* HOW TO COMPLETE THIS TASK: Nothing below is to be printed except the lines between the line holding "Not Yet Sunset: A" and the line holding "So Say We All: Religion, Spirituality, and", inclusive, each exactly as it appears.

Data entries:
——

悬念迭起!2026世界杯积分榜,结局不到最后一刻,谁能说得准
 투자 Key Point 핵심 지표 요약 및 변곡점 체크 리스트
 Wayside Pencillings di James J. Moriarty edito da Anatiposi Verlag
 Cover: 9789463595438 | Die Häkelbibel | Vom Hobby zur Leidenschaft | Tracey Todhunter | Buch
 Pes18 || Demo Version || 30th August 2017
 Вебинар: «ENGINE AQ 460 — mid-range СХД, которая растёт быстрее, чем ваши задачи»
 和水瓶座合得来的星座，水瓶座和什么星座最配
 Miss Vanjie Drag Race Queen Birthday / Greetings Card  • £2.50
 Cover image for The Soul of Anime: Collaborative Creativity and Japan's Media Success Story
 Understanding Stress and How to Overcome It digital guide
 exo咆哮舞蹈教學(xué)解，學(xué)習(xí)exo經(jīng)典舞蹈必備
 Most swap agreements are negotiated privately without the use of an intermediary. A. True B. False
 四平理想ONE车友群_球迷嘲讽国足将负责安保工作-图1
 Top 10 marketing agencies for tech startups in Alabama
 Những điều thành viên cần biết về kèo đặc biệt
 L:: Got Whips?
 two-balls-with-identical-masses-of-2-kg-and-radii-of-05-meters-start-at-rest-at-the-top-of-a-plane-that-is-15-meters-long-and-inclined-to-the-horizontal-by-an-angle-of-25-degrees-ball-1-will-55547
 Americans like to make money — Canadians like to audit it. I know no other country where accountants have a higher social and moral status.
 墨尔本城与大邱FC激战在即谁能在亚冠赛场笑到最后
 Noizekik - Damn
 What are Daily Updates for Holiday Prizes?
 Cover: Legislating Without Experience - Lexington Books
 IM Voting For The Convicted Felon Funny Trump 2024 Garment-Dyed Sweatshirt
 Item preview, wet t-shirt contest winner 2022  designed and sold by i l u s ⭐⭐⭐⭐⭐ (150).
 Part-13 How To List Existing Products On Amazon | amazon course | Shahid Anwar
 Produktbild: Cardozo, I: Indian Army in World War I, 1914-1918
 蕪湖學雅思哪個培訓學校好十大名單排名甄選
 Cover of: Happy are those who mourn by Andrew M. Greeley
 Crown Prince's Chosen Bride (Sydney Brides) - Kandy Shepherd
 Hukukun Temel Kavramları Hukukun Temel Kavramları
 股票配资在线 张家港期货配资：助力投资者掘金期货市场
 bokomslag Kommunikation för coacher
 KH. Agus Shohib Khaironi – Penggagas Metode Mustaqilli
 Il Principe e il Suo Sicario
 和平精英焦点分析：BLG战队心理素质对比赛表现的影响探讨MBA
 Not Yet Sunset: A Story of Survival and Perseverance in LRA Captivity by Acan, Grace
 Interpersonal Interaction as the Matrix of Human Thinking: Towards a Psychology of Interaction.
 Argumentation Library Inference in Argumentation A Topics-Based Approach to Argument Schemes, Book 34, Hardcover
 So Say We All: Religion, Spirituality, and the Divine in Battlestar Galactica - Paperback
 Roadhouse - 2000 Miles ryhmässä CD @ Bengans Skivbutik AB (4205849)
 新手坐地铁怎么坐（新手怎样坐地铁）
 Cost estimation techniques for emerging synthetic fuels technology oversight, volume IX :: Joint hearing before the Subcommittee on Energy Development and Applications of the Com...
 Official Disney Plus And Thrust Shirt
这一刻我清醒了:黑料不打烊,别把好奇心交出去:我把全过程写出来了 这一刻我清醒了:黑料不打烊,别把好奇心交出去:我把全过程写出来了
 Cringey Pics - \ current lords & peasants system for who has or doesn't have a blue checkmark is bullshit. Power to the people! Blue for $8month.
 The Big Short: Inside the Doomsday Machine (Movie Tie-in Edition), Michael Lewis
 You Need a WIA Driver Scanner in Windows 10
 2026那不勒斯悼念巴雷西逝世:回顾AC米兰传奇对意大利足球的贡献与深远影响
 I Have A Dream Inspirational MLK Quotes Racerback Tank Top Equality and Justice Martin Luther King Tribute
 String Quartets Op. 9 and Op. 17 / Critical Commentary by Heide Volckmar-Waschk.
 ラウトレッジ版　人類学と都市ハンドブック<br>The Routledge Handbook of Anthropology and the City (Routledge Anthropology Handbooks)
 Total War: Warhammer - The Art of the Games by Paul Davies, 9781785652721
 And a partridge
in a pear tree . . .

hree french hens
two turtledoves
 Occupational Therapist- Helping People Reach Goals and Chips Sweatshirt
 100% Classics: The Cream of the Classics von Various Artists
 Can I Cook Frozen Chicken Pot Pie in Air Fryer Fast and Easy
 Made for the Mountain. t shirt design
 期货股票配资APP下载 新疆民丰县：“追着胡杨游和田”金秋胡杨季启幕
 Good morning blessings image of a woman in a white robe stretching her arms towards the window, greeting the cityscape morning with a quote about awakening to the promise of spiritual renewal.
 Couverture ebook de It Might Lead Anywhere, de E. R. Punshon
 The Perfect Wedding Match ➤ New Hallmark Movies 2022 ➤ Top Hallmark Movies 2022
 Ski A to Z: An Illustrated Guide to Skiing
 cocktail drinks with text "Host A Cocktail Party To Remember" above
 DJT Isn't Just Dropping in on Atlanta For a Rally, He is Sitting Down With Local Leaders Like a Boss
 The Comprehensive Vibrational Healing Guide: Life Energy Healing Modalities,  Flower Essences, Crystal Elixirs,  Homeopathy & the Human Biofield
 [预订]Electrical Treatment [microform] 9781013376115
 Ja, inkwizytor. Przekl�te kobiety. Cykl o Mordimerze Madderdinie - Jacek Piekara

——

* OUTPUT FOR THIS TASK:
 Not Yet Sunset: A Story of Survival and Perseverance in LRA Captivity by Acan, Grace
 Interpersonal Interaction as the Matrix of Human Thinking: Towards a Psychology of Interaction.
 Argumentation Library Inference in Argumentation A Topics-Based Approach to Argument Schemes, Book 34, Hardcover
 So Say We All: Religion, Spirituality, and the Divine in Battlestar Galactica - Paperback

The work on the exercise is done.